● PROBLEM STATEMENT
An exact copy is needed of the lines in the entries below from the line with "Personalized Gifts For" up to and including the line with "E me bateu uma", and of nothing else. Leave the pictures out.

● DATA EXCERPTS
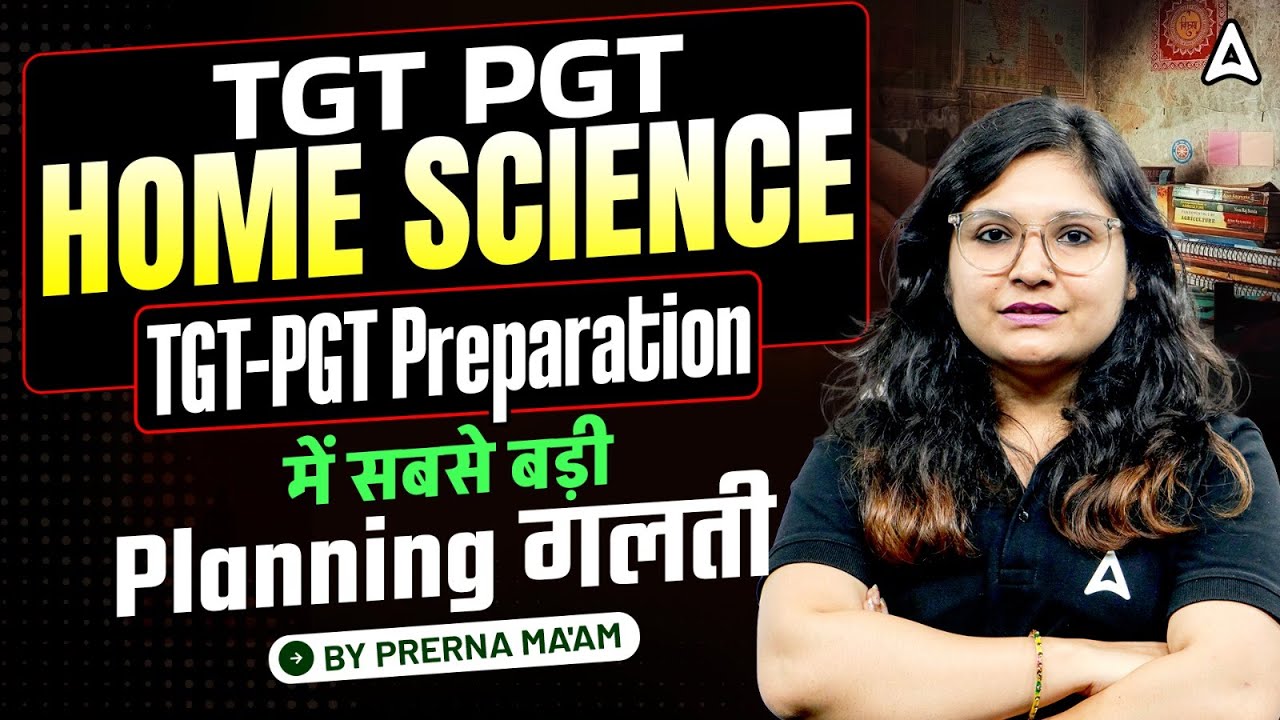 TGT/PGT Home Science 2025 | TGT/PGT Home Science Preparation Strategy Roadmap By Prerna Mam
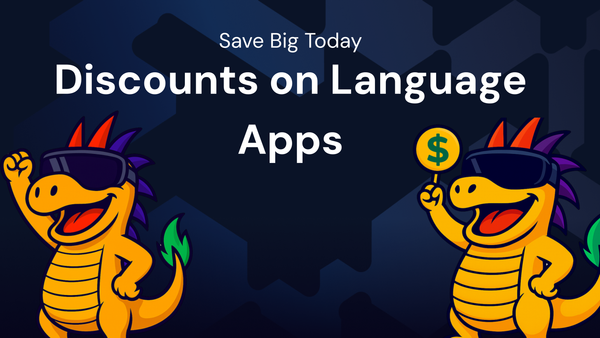 Pricing Breakdown: Save Big on language learning apps Using discounts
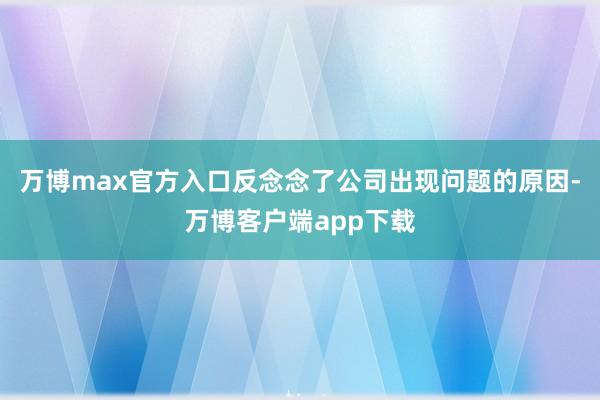 万博max官方入口反念念了公司出现问题的原因-万博客户端app下载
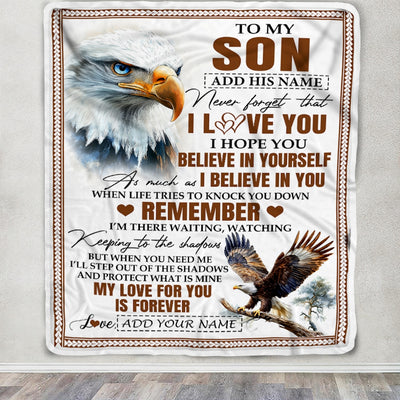 Personalized Gifts For Son Blanket From Dad Mom Father Eagle My Love For You Is Forever Son Birthday Gifts Graduation Christmas Custom Fleece Throw Blanket | siriusteestore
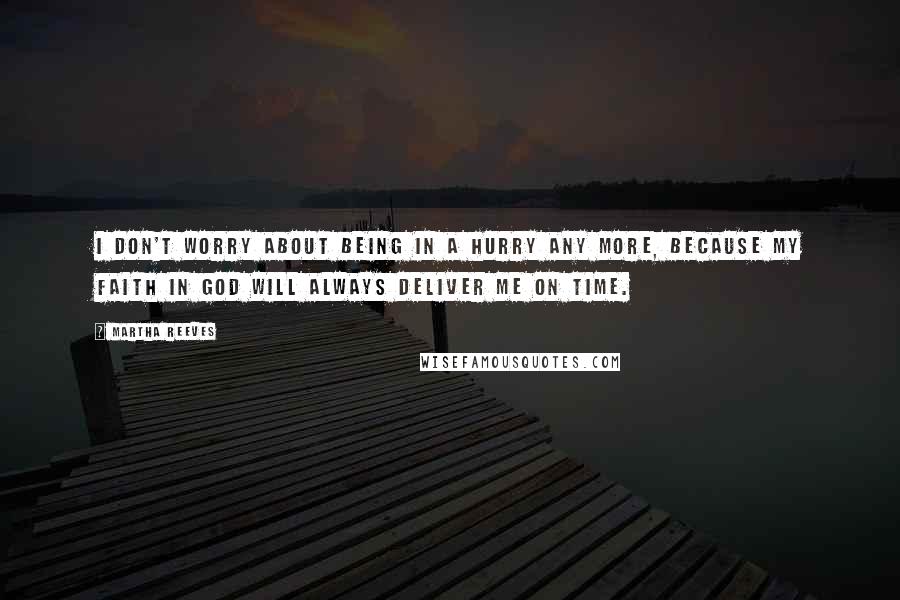 Martha Reeves Quotes: I don't worry about being in a hurry any more, because my faith in God will always deliver me on time.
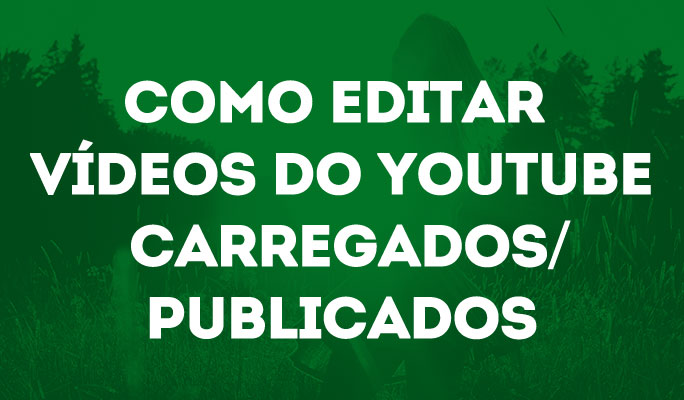 Como Editar Vídeos do YouTube Carregados/Publicados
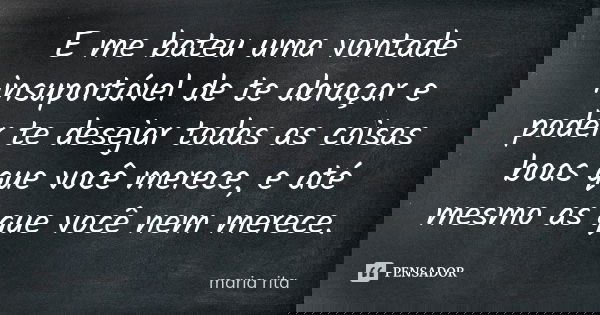 E me bateu uma vontade insuportável de te abraçar e poder te desejar todas as coisas boas que você merece, e até mesmo as que você nem merece.... Frase de Maria Rita.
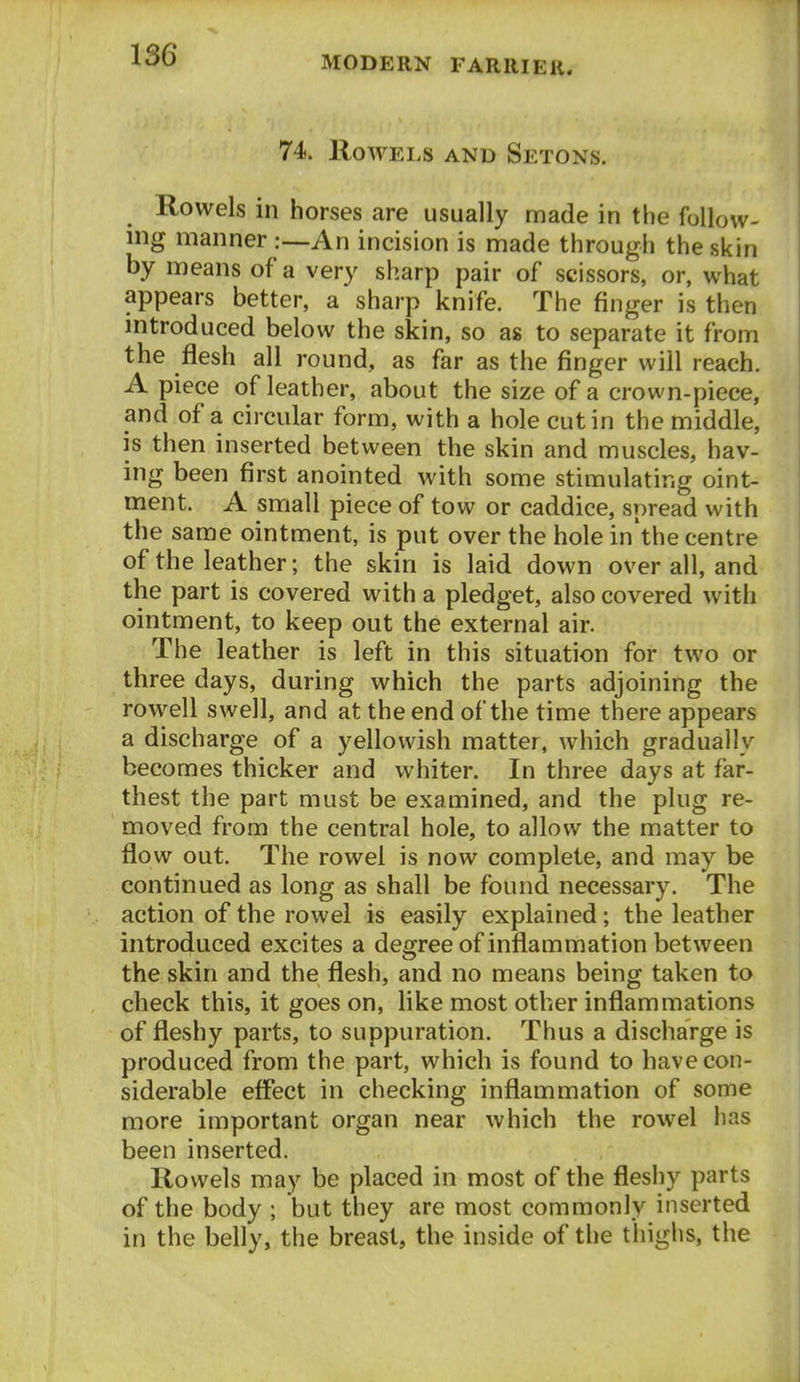 74. Rowels and Setons. Rowels in horses are usually made in the follow- ing manner :—An incision is made through the skin by means of a very sharp pair of scissors, or, what appears better, a sharp knife. The finger is then introduced below the skin, so as to separate it from the flesh all round, as far as the finger will reach. Apiece of leather, about the size of a crown-piece, and of a circular form, with a hole cut in the middle, is then inserted between the skin and muscles, hav- ing been first anointed with some stimulating oint- ment. A small piece of tow or caddice, spread with the same ointment, is put over the hole in'the centre of the leather; the skin is laid down over all, and the part is covered with a pledget, also covered with ointment, to keep out the external air. The leather is left in this situation for two or three days, during which the parts adjoining the rowell swell, and at the end of the time there appears a discharge of a yellowish matter, which gradually becomes thicker and whiter. In three days at far- thest the part must be examined, and the plug re- moved from the central hole, to allow the matter to flow out. The rowel is now complete, and may be continued as long as shall be found necessary. The action of the rowel is easily explained; the leather introduced excites a degree of inflammation between the skin and the flesh, and no means being taken to check this, it goes on, like most other inflammations of fleshy parts, to suppuration. Thus a discharge is produced from the part, which is found to have con- siderable effect in checking inflammation of some more important organ near which the rowel has been inserted. Rowels may be placed in most of the fleshy parts of the body ; but they are most commonly inserted in the belly, the breast, the inside of the thighs, the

● EXERCISE OUTPUT
 Personalized Gifts For Son Blanket From Dad Mom Father Eagle My Love For You Is Forever Son Birthday Gifts Graduation Christmas Custom Fleece Throw Blanket | siriusteestore
 Martha Reeves Quotes: I don't worry about being in a hurry any more, because my faith in God will always deliver me on time.
 Como Editar Vídeos do YouTube Carregados/Publicados
 E me bateu uma vontade insuportável de te abraçar e poder te desejar todas as coisas boas que você merece, e até mesmo as que você nem merece.... Frase de Maria Rita.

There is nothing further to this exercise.